▶ [INFORMATION]
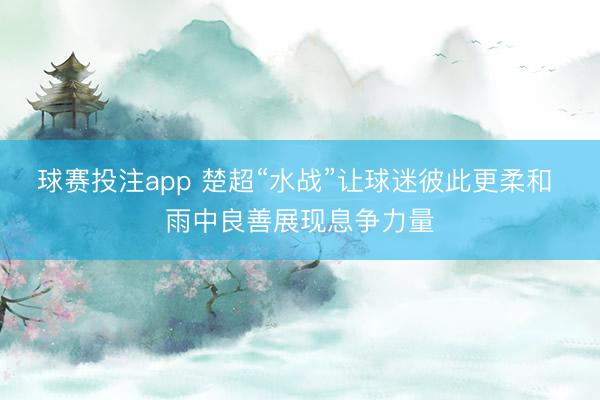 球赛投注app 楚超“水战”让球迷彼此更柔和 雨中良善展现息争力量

---

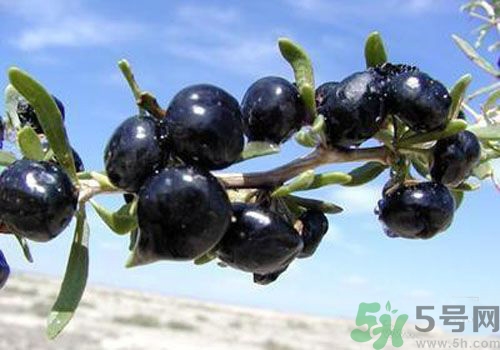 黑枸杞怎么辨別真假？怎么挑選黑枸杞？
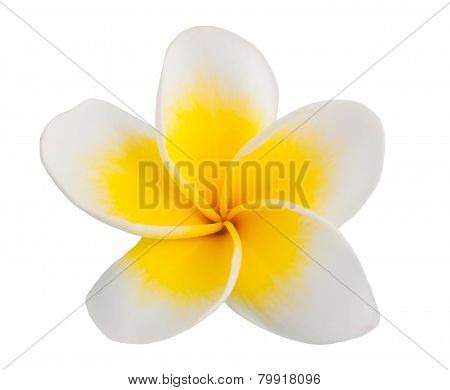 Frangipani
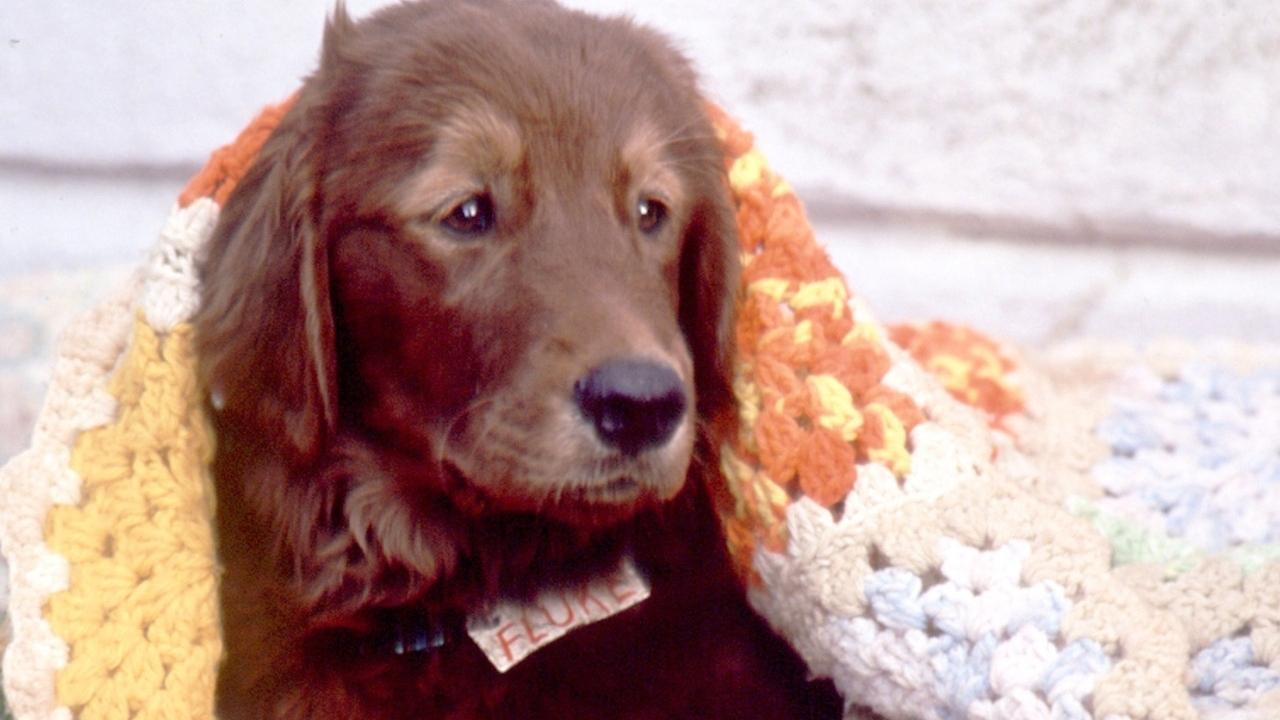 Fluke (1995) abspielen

...

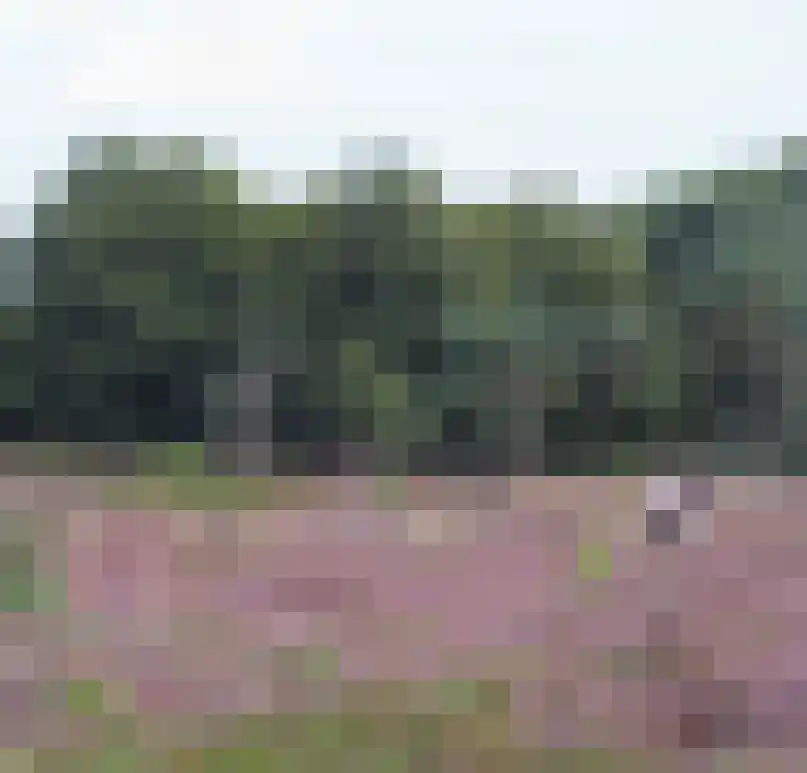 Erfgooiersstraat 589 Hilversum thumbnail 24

▶ [EXERCISE GOAL] Copy nothing but the lines above from the one with "黑枸杞怎么辨別真假？怎么挑選黑枸杞？" to the one with "Fluke (1995) abspielen", inclusive, word for word. Leave every picture out.

▶ [REPLY]
 黑枸杞怎么辨別真假？怎么挑選黑枸杞？
 Frangipani
 Fluke (1995) abspielen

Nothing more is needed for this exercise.